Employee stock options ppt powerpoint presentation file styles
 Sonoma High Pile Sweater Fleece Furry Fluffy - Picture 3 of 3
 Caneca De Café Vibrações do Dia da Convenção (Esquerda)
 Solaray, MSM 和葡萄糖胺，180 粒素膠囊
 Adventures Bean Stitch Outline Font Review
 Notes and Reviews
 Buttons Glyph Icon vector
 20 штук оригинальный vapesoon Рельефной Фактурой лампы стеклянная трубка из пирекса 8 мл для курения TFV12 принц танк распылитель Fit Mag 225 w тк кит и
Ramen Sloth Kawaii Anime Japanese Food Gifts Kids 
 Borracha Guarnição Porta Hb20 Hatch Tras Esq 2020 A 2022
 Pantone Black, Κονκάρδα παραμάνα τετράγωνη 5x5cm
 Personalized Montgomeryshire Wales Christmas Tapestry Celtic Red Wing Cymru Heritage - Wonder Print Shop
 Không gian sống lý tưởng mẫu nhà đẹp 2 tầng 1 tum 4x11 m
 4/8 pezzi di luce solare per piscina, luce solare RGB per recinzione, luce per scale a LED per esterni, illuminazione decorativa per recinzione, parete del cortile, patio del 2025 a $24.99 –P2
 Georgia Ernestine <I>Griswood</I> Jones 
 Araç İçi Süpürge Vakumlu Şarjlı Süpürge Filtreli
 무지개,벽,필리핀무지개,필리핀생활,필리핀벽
══════════
**Instructions for the task**:
Print each entry exactly as it appears above.

**Response for this exercise**:
Employee stock options ppt powerpoint presentation file styles
 Sonoma High Pile Sweater Fleece Furry Fluffy - Picture 3 of 3
 Caneca De Café Vibrações do Dia da Convenção (Esquerda)
 Solaray, MSM 和葡萄糖胺，180 粒素膠囊
 Adventures Bean Stitch Outline Font Review
 Notes and Reviews
 Buttons Glyph Icon vector
 20 штук оригинальный vapesoon Рельефной Фактурой лампы стеклянная трубка из пирекса 8 мл для курения TFV12 принц танк распылитель Fit Mag 225 w тк кит и
Ramen Sloth Kawaii Anime Japanese Food Gifts Kids 
 Borracha Guarnição Porta Hb20 Hatch Tras Esq 2020 A 2022
 Pantone Black, Κονκάρδα παραμάνα τετράγωνη 5x5cm
 Personalized Montgomeryshire Wales Christmas Tapestry Celtic Red Wing Cymru Heritage - Wonder Print Shop
 Không gian sống lý tưởng mẫu nhà đẹp 2 tầng 1 tum 4x11 m
 4/8 pezzi di luce solare per piscina, luce solare RGB per recinzione, luce per scale a LED per esterni, illuminazione decorativa per recinzione, parete del cortile, patio del 2025 a $24.99 –P2
 Georgia Ernestine <I>Griswood</I> Jones 
 Araç İçi Süpürge Vakumlu Şarjlı Süpürge Filtreli
 무지개,벽,필리핀무지개,필리핀생활,필리핀벽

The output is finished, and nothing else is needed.